Task instructions:
All of the listing, from first line to last, should be output exactly; the pictures stay out.

Stored data:

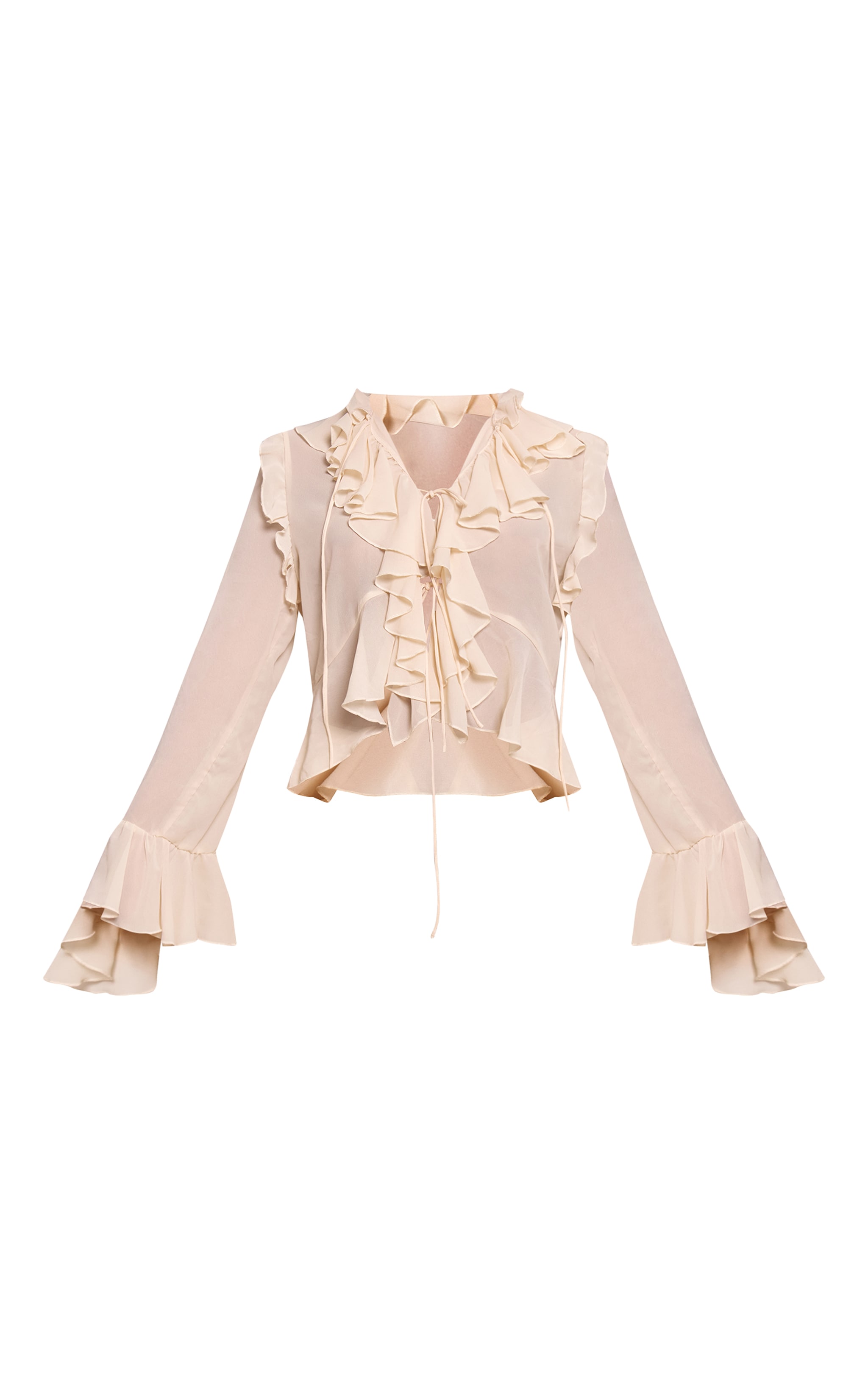Cream Chiffon Frill Long Sleeve Shirt image 5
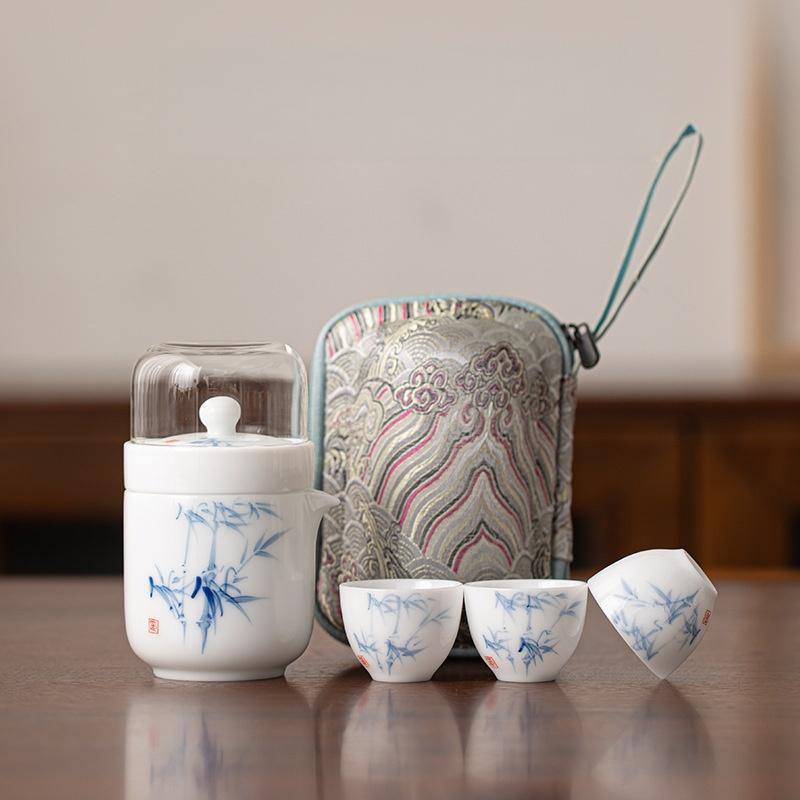 Ice Seed Jade Porcelain Hand-Painted Travel Tea Set 1Pot 3Cups Portable Kuaike Cup Office Outdoor Camping Tea Maker Tea Ceremony Four-piece Set
Ice Seed Jade Porcelain Hand-Painted Travel Tea Set 1Pot 3Cups Portable Kuaike Cup Office Outdoor Camping Tea Maker Tea Ceremony Four-piece Set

Result:
Cream Chiffon Frill Long Sleeve Shirt image 5
 Ice Seed Jade Porcelain Hand-Painted Travel Tea Set 1Pot 3Cups Portable Kuaike Cup Office Outdoor Camping Tea Maker Tea Ceremony Four-piece Set
Ice Seed Jade Porcelain Hand-Painted Travel Tea Set 1Pot 3Cups Portable Kuaike Cup Office Outdoor Camping Tea Maker Tea Ceremony Four-piece Set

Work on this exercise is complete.